A critical issue in interpreting the data (for me anyway) is what these terms actually mean. In the report a ‘practising Christian’ is defined by Barna as

those who identify as Christian, say their faith is very important to their life and have attended a religious service in the past month (p. 8)

Which, of  course, is a very broad category, especially in a culture where ‘going to church’ now and then is still part and parcel of Irish culture. But you have to start from somewhere.

I may have missed it, but I couldn’t find definitions of what a ‘non-practicing Christian’ was. I assume someone who self-identifies as a Christian but does not tick necessary boxes to show visible sign of actual Christian practice? (To me, in effect this equals non-Christian. Christianity is not a non-practising faith).

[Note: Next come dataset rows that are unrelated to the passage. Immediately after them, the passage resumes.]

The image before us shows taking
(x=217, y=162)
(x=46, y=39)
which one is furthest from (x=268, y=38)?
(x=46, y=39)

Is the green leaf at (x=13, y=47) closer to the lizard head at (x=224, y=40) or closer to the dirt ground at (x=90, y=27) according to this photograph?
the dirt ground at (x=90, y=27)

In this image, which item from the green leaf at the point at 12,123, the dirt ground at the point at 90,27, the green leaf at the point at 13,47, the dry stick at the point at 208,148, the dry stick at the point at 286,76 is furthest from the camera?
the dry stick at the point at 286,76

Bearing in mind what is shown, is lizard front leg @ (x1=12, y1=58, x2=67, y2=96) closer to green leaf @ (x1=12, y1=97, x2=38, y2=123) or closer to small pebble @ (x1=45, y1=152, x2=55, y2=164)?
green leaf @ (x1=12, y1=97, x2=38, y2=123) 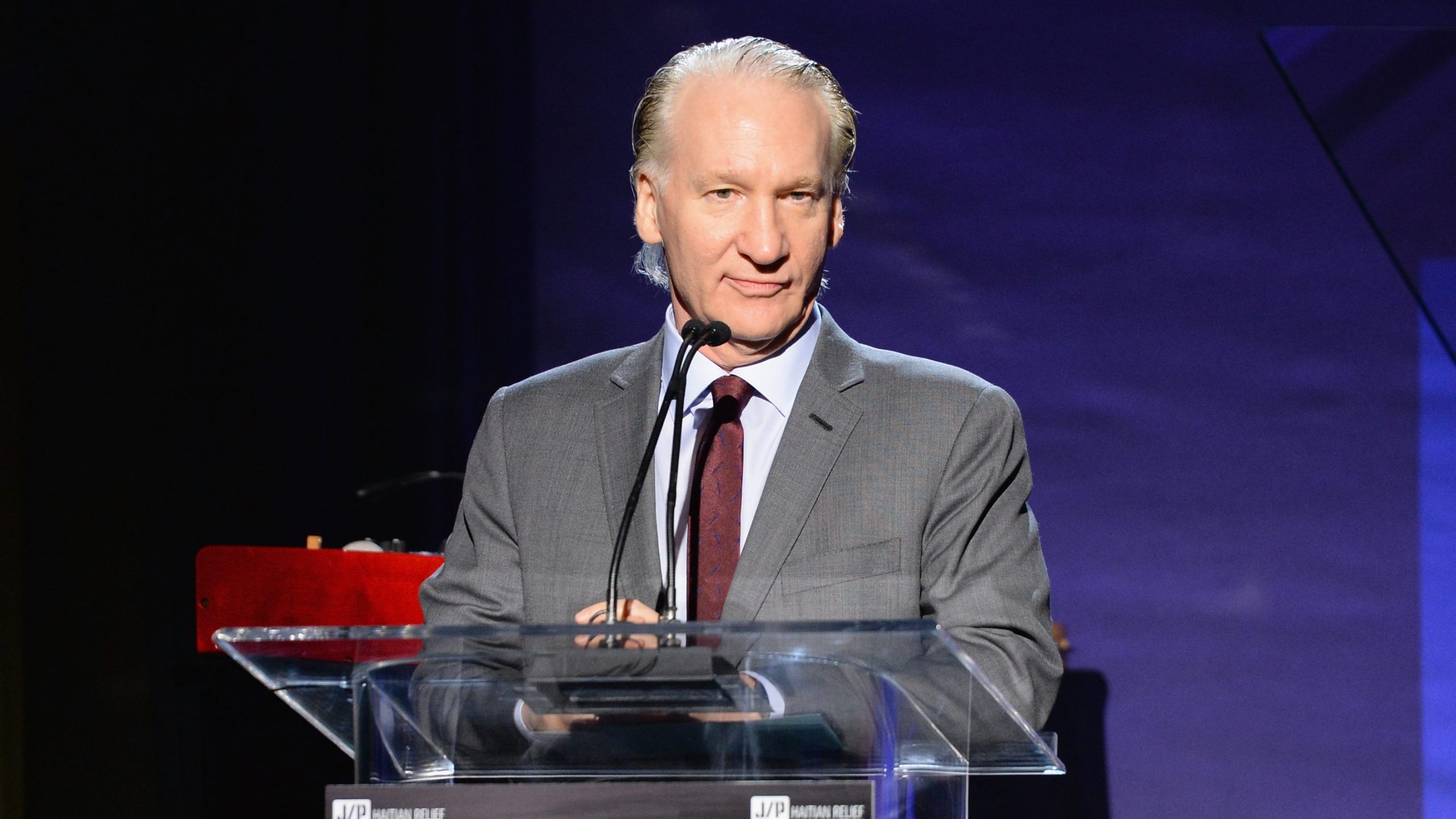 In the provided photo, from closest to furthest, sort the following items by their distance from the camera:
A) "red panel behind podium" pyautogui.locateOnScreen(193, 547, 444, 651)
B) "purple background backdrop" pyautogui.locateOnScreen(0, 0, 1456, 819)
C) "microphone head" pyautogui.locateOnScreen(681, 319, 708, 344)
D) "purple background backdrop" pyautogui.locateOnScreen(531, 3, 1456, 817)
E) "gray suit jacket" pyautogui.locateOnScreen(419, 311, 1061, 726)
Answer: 1. "microphone head" pyautogui.locateOnScreen(681, 319, 708, 344)
2. "gray suit jacket" pyautogui.locateOnScreen(419, 311, 1061, 726)
3. "red panel behind podium" pyautogui.locateOnScreen(193, 547, 444, 651)
4. "purple background backdrop" pyautogui.locateOnScreen(0, 0, 1456, 819)
5. "purple background backdrop" pyautogui.locateOnScreen(531, 3, 1456, 817)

Non-believers are identified, I assume, via self-identification.

Having two daughters in the age bracket born and raised here and educated in a local secondary school (not a private Protestant one which a sub-culture of its own), it’s interesting talking over findings with them. Their sense is that the broadness of the categories masks a much lower engagement with even basic Christian claims, let alone a personal response of faith, repentance and living a Christian life.

This report could be called: ‘An Investigation into the Legacy of Irish Christendom’.

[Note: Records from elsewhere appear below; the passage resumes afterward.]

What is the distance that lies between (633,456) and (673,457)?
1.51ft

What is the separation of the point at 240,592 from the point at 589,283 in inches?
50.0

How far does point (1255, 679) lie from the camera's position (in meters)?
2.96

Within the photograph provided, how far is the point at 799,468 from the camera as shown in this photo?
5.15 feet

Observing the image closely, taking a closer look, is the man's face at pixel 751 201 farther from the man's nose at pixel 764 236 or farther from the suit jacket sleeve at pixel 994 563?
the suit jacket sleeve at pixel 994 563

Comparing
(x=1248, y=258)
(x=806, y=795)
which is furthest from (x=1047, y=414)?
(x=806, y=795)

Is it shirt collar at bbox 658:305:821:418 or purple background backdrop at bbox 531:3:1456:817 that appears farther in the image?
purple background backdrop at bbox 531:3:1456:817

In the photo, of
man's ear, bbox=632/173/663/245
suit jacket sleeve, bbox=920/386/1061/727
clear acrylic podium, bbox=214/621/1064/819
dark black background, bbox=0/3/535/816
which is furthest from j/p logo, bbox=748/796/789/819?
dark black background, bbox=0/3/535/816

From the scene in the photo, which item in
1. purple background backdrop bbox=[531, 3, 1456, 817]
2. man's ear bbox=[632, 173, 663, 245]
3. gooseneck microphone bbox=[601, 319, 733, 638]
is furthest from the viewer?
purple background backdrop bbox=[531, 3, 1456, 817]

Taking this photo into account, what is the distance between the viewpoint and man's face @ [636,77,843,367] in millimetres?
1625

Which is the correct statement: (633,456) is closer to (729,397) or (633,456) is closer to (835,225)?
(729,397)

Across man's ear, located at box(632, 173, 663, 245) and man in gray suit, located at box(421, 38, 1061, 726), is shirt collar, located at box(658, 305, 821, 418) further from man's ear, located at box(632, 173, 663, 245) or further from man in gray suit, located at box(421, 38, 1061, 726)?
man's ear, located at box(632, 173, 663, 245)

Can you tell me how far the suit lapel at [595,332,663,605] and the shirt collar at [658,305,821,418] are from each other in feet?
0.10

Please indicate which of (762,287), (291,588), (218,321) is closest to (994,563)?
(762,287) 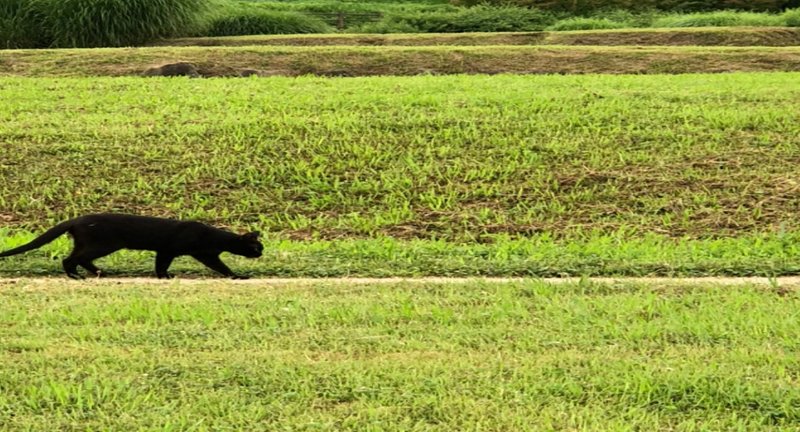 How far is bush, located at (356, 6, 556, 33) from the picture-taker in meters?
23.9

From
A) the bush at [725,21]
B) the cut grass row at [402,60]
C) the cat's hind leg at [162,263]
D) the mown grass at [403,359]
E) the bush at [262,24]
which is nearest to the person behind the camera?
the mown grass at [403,359]

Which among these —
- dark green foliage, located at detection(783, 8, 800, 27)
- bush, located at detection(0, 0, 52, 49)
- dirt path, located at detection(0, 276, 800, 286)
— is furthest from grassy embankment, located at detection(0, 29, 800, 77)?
dirt path, located at detection(0, 276, 800, 286)

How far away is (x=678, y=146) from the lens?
981 cm

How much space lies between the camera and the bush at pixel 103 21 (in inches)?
720

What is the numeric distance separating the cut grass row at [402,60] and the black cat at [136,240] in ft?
26.4

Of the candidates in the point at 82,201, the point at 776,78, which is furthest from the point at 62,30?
the point at 776,78

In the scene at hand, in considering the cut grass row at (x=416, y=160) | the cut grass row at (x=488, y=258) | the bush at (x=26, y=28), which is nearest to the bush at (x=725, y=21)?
the cut grass row at (x=416, y=160)

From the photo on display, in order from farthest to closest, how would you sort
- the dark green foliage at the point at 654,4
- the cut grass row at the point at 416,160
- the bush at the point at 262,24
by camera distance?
the dark green foliage at the point at 654,4
the bush at the point at 262,24
the cut grass row at the point at 416,160

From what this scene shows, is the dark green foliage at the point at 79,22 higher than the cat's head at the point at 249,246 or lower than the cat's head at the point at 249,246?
higher

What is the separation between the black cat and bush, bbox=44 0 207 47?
1231cm

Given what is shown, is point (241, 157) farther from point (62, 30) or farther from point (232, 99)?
point (62, 30)

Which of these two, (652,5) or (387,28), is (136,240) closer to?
(387,28)

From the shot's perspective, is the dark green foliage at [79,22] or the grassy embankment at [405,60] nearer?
the grassy embankment at [405,60]

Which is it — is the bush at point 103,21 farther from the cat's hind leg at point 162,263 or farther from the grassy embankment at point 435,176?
the cat's hind leg at point 162,263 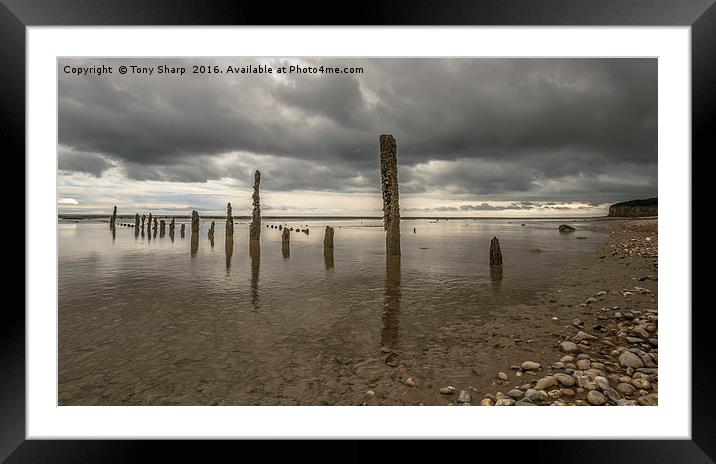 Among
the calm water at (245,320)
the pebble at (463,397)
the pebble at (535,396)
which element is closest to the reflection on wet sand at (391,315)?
the calm water at (245,320)

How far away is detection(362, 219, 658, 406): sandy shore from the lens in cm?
348

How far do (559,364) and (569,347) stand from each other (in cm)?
69

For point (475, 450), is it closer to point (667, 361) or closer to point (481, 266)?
point (667, 361)

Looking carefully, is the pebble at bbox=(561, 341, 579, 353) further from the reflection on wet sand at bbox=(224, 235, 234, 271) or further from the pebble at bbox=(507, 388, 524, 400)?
the reflection on wet sand at bbox=(224, 235, 234, 271)

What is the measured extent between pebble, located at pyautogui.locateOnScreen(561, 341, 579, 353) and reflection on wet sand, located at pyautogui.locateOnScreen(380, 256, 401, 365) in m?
2.39

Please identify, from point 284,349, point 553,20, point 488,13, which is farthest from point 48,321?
point 553,20

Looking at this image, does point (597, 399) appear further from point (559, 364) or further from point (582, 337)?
point (582, 337)

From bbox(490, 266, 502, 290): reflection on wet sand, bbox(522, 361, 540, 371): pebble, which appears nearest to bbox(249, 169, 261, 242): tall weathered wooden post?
bbox(490, 266, 502, 290): reflection on wet sand

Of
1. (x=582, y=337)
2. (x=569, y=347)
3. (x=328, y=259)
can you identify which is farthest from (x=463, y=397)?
(x=328, y=259)

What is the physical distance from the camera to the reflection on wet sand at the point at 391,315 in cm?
492

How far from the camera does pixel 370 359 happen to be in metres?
4.48

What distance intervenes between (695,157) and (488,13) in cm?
245

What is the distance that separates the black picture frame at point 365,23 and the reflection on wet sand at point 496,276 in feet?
19.9

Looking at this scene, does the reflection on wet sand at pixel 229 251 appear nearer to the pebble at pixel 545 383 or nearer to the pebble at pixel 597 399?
the pebble at pixel 545 383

Some years ago I did a couple of posts on comments from Archbishop Diarmuid Martin on the devastating failures of Catholic Christendom – here and here.

It’s worth repeating some of what he said then on the disaster of Christendom assumptions.

If faith centres on a personal relationship with Jesus, this will have radical implications for the rule-bound approach of traditional Catholic  catechesis.

If a mature faith in Jesus requires knowledge of the Scriptures, this will have revolutionary consequences within Irish Catholicism where most families do not possess a Bible.

If young people are going to develop in a personal authentic faith there will mean “revolutionising all our structures” including a fundamental reordering of the reliance on school-based religious instruction in Ireland to a rediscovery of the role of the local parish and of parents.

This will need “a new group of lay people” to be voluntary catechists in their parishes.

All this is needed because “we can no longer assume faith on the part of young people who have attended Catholic schools” or who come from Catholic families.

Ireland is today undergoing a further phase in a veritable revolution of its religious culture. Many outside of Ireland still believe that Ireland is a bastion of traditional Catholicism. They are surprised to discover that there are parishes in Dublin where the presence at Sunday Mass is some 5% of the Catholic population and, in some cases, even below 2%. On any particular Sunday about 18% of the Catholic population in the Archdiocese of Dublin attends Mass.  That is considerably lower than in any other part of Ireland ….

… That the conformist Ireland of the Archbishop McQuaid era changed so rapidly and with few tears was read as an indication of a desire for change, but perhaps it was also an indication that the conformism was covering an emptiness and a faith built on a faulty structure to which people no longer really ascribed.   The good-old-days of traditional mid-twentieth century Irish Catholicism may in reality not have so good and healthy after all

… The change that has taken place in Irish culture requires radical change in the life of the Church of such an extent that in the face of it even experts in change management would feel daunted …

So the report is effectively putting flesh on the bones of the Archbishop’s words. It does not paint a pretty picture.

Nor are the findings surprising to anyone living here. After decades of being one of the most Christendom countries on earth, the findings show deep confusion over the even the most basic ideas of Christianity, let alone the shape and basis of the Christian life.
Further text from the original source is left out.